Re: [unrev-II] Collaborative Discussion Tools

From: John J. Deneen (jjdeneen@ricochet.net)
Date: Wed Apr 18 2001 - 12:31:37 PDT

  • Next message: Eric Armstrong: "[unrev-II] Re: Groupware Software Roundup"

    > Jack Park wrote:
    >
    > This is precisely the nature of collaborative information filtering. At some collective web site, users just drop by with
    > comments on various things, eventually accumulating the knowledge structures necessary to be of increasing value
    > to all who would partake of that web site. No one should be expected to do it all, alone.
    >
    > OTOH, there remains the context of *personal* knowledge management. Large chunks of that, I would imagine,
    > would never be done at a public site. That is the context in which you get to do it all, yourself.
    >

    Yeah, it's called collaborative treasure hunting! E.g., UC Berkeley's
    Multivalent Document(MVD) JAVA applet Browser : Informed Web-Document
    Access through Shared Annotation Tracker

    MVD 1.0a3 is a Java applet, implemented in JDK 1.0.2:
    http://HTTP.CS.Berkeley.EDU/~wilensky/MVD-applet.html

    MVD tour guide, including a GIS viewer:
    http://elib.cs.berkeley.edu/tour/doc.html
    http://www.cs.berkeley.edu/~wilensky/MVD-GIS.html

    Once you feel comfortable with the MVD applet, you can run it directly
    via the following examples:
    http://HTTP.CS.Berkeley.EDU/~wilensky/MVD-applet.html

    Since the bootstrapping process that Doug is advocating for the grand
    challenge for the next decade, "The Information Utility: Make it easy
    for everyone to store, organize, access, and analyze the majority of
    human information online", am wondering if UCB's Multivalent Document
    (MVD) Browser would be of any help for us to "improve on what we have
    now and would provide a tool with which we could experiment"?
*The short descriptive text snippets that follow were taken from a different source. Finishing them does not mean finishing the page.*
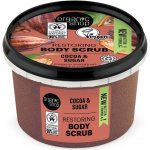 Organic Shop tělový peeling Belgická čokoláda 250 ml – Zbozi.Blesk.cz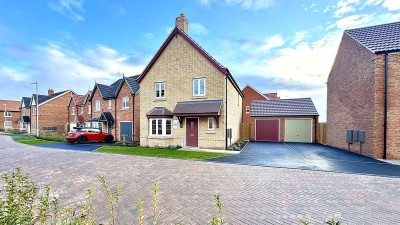 Images for Lincoln Road, Dunholme, Lincoln EAID:Starkey & Brown Scunthorpe BID:Starkey&Brown Lincoln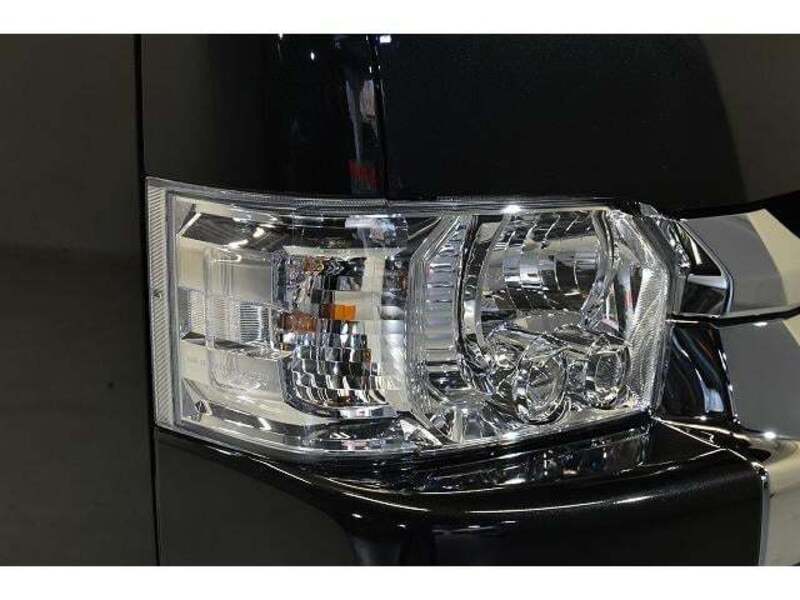 HIACE WAGON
    Apparently, the MVD browser has the ability to browse web objects with
    the associated annotations to enable users to share each other's
    digested information.

    ByungHoon Kang, a third year graduate student (510-642-8468,
    mailto:hoon@cs.berkeley.edu) says:

    "Multivalent documents (MVD) represent an open, extensible,
    network-centric document model. Conventional documents are monolithic
    entities, generally of a particular type (ASCII, HTML, XML, PDF, scanned
    image files, RTF, word processor formats, etc.). To view, edit or
    otherwise manipulate such a document, you need a particular viewer or
    editor; moreover, functionality is limited by the nature of the
    particular format and associated programs.
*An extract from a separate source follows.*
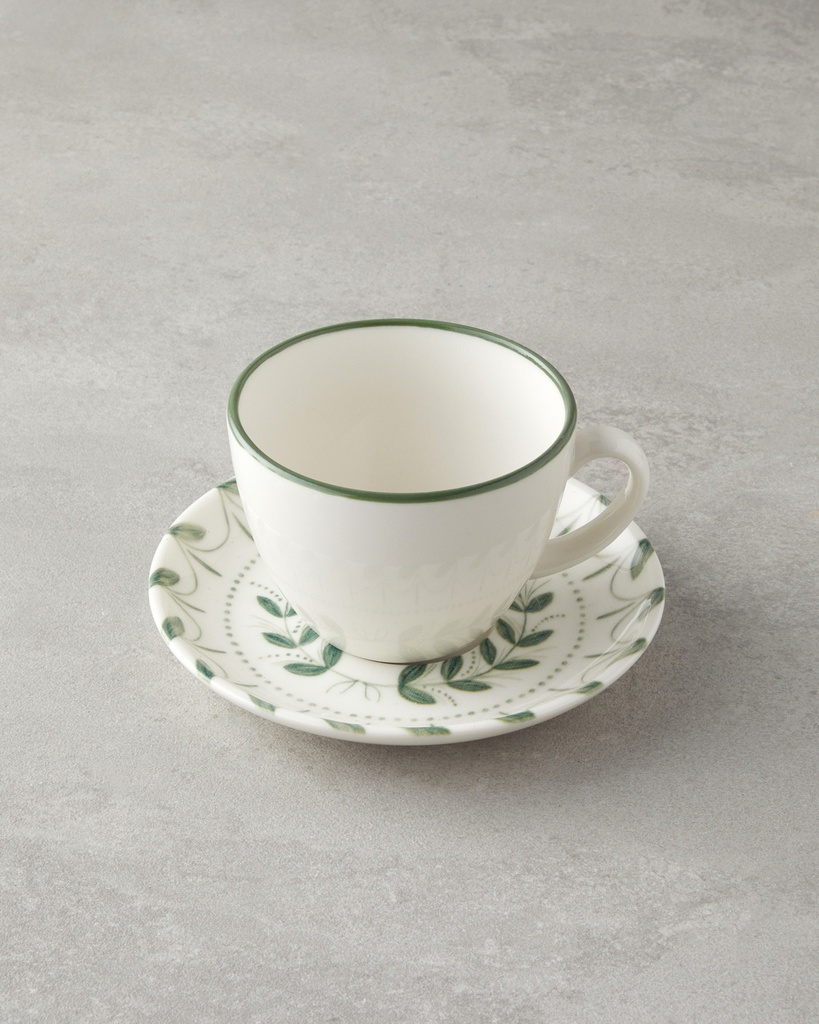 Petally Tea Cup Set Basic Alt Segment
    With MVD, you can, in principle, open and manipulate any document
    format. Moreover, functionality (including what document formats are
    supported) is completely extensible. If you want a new feature, you can
    add it yourself, and share the resulting capability with others. Also,
    because the architecture is intrinsically distributed, you can easily
    perform functions with MVD that are not readily available elsewhere.
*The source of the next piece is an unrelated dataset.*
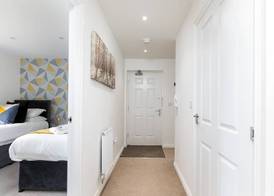 Hertford Serviced Apartments 2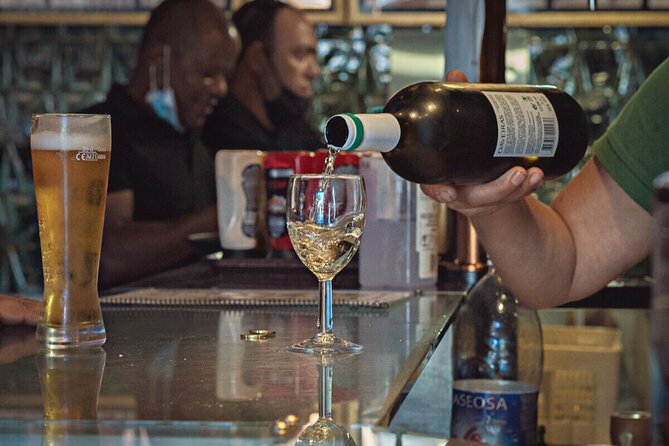 Lisbon Cultural Food and Wine Walking Tour - Who will enjoy this most?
    ... We have designed an annotation-tracking service using the MVD
    (Multivalent Document) model and developed a prototype for finding web
    objects more expeditiously through parallel collaboration, efficient
    sharing/storing/retrieving of annotation mappings using DB, and querying
    the annotations with various criteria such as keyword, author and base
    URL.

    Collaborators can use the annotation tracker to track their
    collaborator's previous works and notes in hunting the treasure on the
    web. Since the collaborator can notice the existence of their
    collaborator's annotation through implicit retrieval when they browse
    the same document, the overlapped and redundant collaborative tasks are
    minimized."

    Also, ... "In the annotation viewer (MVD viewer), a user can query the
    annotation with parameters such as base URL, author name and keyword
    with menu driven methods. Query results are collected into the list
    window of the annotation tracker. The annotation tree viewer can be
    used to visualize the author list in a way where the history of the
    follow-up annotations is visualized in a tree format."

    >
    >
    >> [Garold L. Johnson]
    >
    >
    > <snippage>
    >
    >
    >> As an example, consider the chaordic site that Bernard referenced in
    >> the earlier message. There is a lot on that site that is of definite
    >> relevance to the bootstrapping process that Doug is advocating, and
    >> that is possibly also relevant to the attack on complex problems .
    >>
    >> Should Bernard (in an ideal world) have been expected to cross link
    >> all of the relevant information on that entire site into the
    >> structure of our total discussion on the process of bootstrapping
    >> and the solution of complex problems? That seems to be a totally
    >> unrealistic expectation.
    >>
    >> More realistic is what actually happens here we now have a link.
    >> Several people will look at the material and comment on various
    >> parts of it (which they would link into the system). This gradually
    >> ties the material into ever more places as it is digested by those
    >> collaborating on it. Assuming that the information continues to
    >> prove relevant, it will eventually be woven into all sorts of places
    >> in the knowledge structure. Every now and then someone will
    >> undertake to do a more thorough job of integration and link large
    >> amounts of information into the structure.